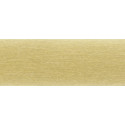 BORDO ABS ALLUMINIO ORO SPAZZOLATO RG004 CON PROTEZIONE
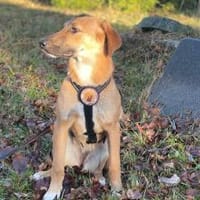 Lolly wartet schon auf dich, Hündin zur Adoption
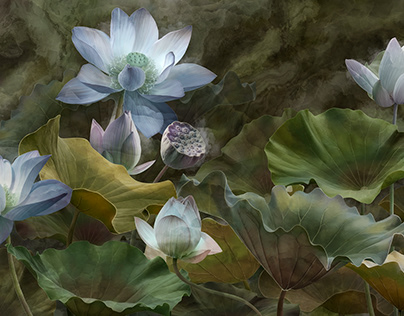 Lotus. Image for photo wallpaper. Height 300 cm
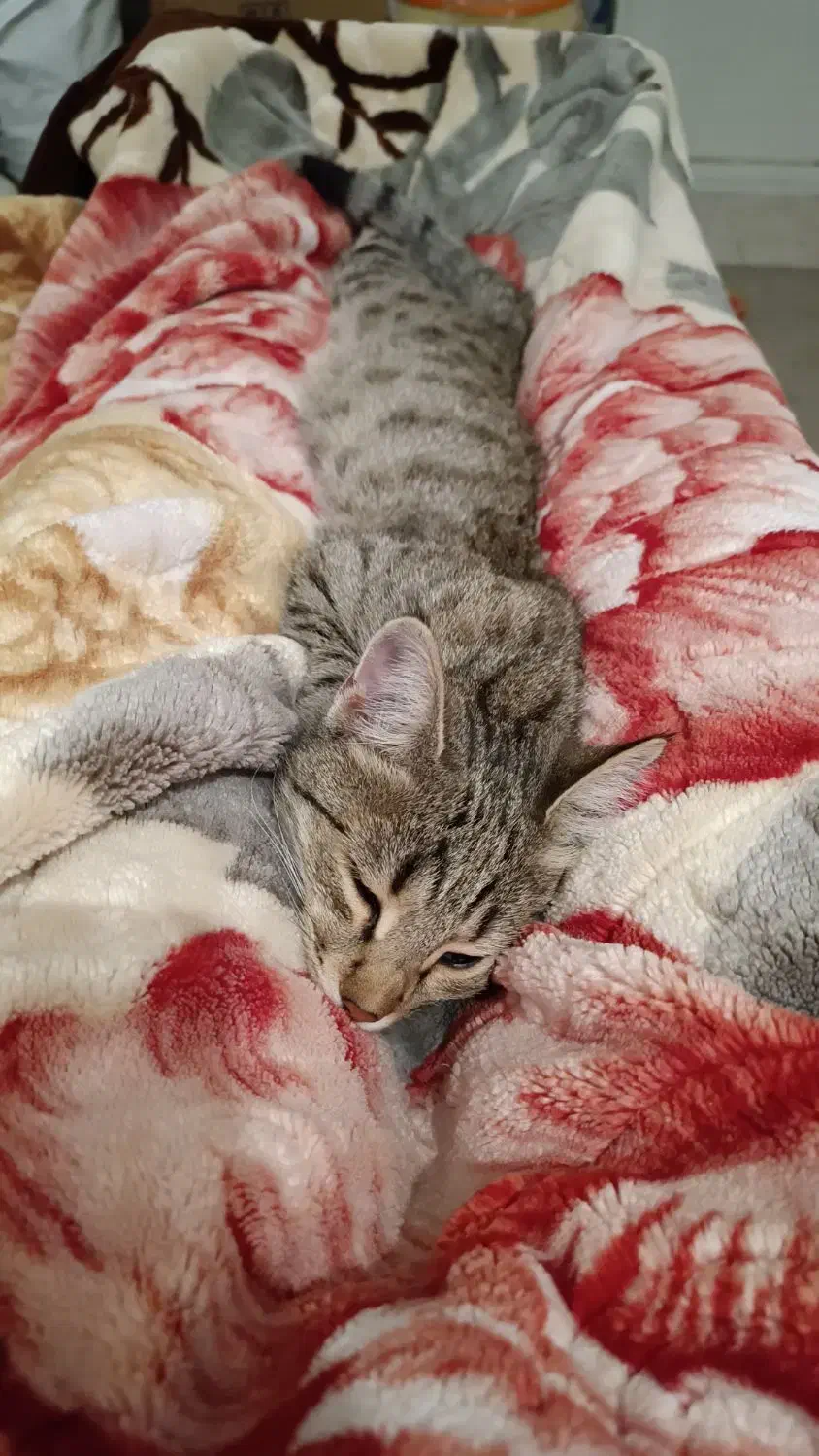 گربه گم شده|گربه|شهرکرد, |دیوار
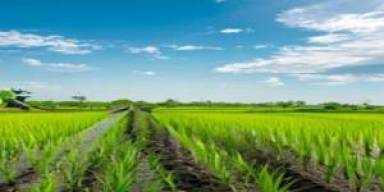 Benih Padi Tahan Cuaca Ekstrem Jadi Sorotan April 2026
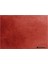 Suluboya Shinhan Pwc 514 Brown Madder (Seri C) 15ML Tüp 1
+++
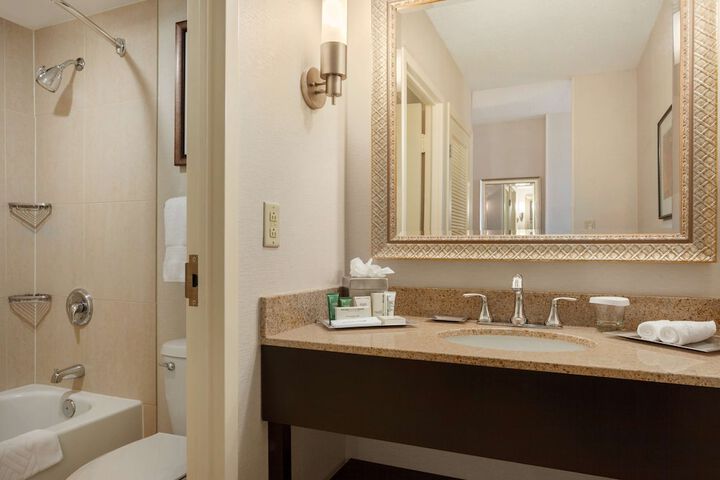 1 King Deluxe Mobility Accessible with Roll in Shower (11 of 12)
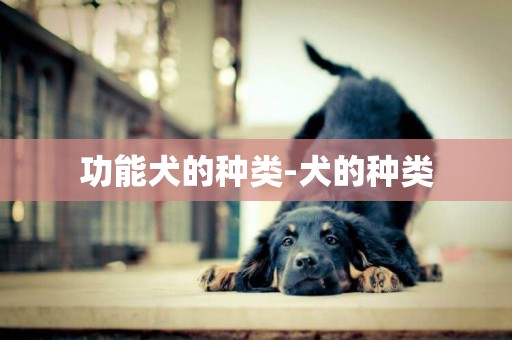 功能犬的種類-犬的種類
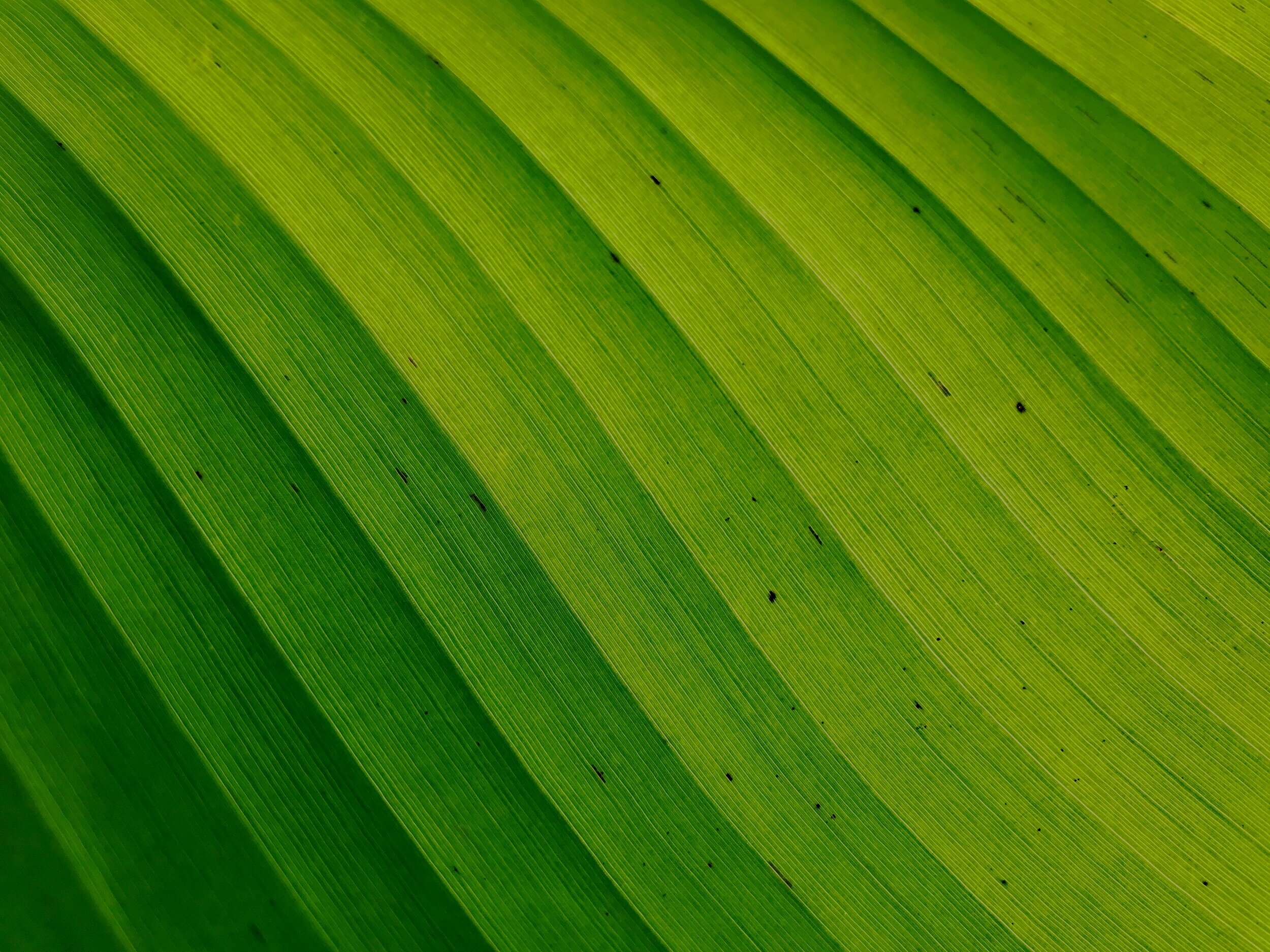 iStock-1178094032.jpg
+++
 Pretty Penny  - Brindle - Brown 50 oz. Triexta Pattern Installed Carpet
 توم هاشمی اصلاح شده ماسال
+++
▶ **WHAT THE TASK REQUIRES**: Extract from the material above the stretch running from the line containing "Benih Padi Tahan" through the line containing "Suluboya Shinhan Pwc". Keep the text exact and the pictures out.

▶ **EXPECTED OUTPUT**:
 Benih Padi Tahan Cuaca Ekstrem Jadi Sorotan April 2026
 Suluboya Shinhan Pwc 514 Brown Madder (Seri C) 15ML Tüp 1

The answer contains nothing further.